If Vaishali asks any questions about their domestic situation, Kumar puts her down so she will feel ignorant and shut up. He cuts her off from any other Indian people in the area, and he is her only source of information. She loses her confidence, she feels stupid and disgraced, and she has no one other than Kumar. When she does a runner to Paris by herself, Kumar drags her home and burns her hand on a hotplate as punishment. It’s quite sad that Lucy tries to comfort her ill ‘sister-in-law’ when she is unwittingly part of the problem. Jayaprada does a great job of showing the changing emotions and moods of the abused wife. She really likes Kumar and her marriage when he is in a good mood, and Vaishali seems to excuse his early outbursts by blaming herself or thinks it is just because he is tired or stressed. Her growing realisation that she is in trouble and that her marriage is a sham is sad to watch.

Kumar does spend quite a lot of time with Vaishali (he doesn’t have a job as such) and seems affectionate and caring. They do the tourist thing around Paris, enjoying the sights and making fun of some fashionable locals. How he thinks he can keep hiding the truth is beyond me.  Kumar justifies and rationalises – he sees no reason why he can’t have it all, and no compunction about hurting either of the women.  He has an impulsive warmth which can be appealing, but that can swiftly turn to rage and brutality. His behaviour escalates from verbal nagging and bullying to physically attacking Vaishali.

In one sickening scene of what is essentially marital rape, he withholds her letter from home to coerce her into having sex. And when Vaishali falls pregnant he starts to really lose the plot as he sees his perfect life crumble. He seems to insist on a termination and certainly there is no baby later in the film, although how and if it was her choice isn’t revealed as far as I can tell. Chiranjeevi gives a strong and complex characterisation of a loathsome man. I certainly didn’t find the Chiru Mega appeal made the situation any more palatable, but his layered performance allowed me to empathise more with Vaishali’s disillusionment as she came to terms with the deception.

Some isolated and precarious locations seem intended to convey fear or dread, and I was certainly yelling at Vaishali to be careful, especially in one rooftop scene. Kumar abandons her in a forest at one stage, and tears the mangalsutra from her neck before leaving her in a park on another occasion. He uses her isolation and the unfamiliar surroundings to reinforce her caged existence. He also takes her to see a show of an ‘adult’ nature (to the Pink Panther theme music – how saucy) to prove his point that love and sex were different in France, but she is utterly repulsed by the spectacle. The cosy apartment that she loved on first sight becomes a prison.
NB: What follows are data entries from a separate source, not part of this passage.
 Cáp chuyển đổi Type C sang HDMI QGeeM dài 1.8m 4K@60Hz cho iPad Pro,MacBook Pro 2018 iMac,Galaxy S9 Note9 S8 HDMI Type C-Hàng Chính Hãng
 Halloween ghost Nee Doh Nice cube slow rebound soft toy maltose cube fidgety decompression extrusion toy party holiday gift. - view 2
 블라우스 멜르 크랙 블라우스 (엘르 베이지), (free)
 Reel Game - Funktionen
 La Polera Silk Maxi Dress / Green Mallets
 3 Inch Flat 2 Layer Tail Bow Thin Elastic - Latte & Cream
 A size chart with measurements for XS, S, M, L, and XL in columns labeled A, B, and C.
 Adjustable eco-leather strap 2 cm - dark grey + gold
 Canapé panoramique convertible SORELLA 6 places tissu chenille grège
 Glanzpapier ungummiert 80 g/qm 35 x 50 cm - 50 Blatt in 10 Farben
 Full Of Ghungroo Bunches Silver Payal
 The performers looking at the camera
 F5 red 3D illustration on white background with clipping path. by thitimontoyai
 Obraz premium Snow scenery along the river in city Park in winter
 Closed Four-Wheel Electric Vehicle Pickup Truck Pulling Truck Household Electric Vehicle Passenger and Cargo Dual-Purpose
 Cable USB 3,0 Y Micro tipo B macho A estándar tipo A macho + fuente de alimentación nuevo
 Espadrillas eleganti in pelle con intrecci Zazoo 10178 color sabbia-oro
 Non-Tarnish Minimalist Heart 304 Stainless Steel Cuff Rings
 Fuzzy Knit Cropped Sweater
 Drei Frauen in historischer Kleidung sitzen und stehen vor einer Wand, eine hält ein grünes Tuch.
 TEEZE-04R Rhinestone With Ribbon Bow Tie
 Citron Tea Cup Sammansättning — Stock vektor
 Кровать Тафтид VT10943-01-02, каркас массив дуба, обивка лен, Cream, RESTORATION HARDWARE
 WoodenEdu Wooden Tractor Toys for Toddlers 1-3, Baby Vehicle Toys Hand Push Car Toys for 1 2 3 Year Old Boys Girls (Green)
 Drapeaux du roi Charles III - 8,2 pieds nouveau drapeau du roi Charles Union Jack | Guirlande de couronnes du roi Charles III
The drama is almost claustrophobic as it all takes place in Vaishali and Kumar’s tiny world, so the support cast is small. Sarath Babu arrives late in the piece as Telugu speaking Dr Shankar, who becomes aware of Vaishali’s predicament. Ramaprabha is a petty thief who is hated by the wardrobe department and who gets Shankar involved in the situation. The plot manipulations required to get them into position don’t really stack up, but I was relieved to see Sarath Babu regardless. There is something very salt of the earth and reliable about him in these secondary good dude roles. And I was happy  that once Ramaprabha’s character understood Vaishali’s situation, she reached out to help. Anne Patricia is not the best actress ever, but I felt sympathy for Lucy and was glad to see how her storyline played out.

Some things didn’t quite fit with the realism of the initial set up. Who travels with an electric hotplate or element just on the chance they will want to burn their spare wife? The songs added nothing to the narrative development so I would have left them out, or kept them as background. And the final chase was dramatic but didn’t make much sense, logistically speaking.

47-Rojulu-not interested

Lest this all sound too grim, back in the present day Saritha asks about the doctor, sparking an outburst from Vaishali. It seems she feels marriage is not essential for a good life.  Hear, hear!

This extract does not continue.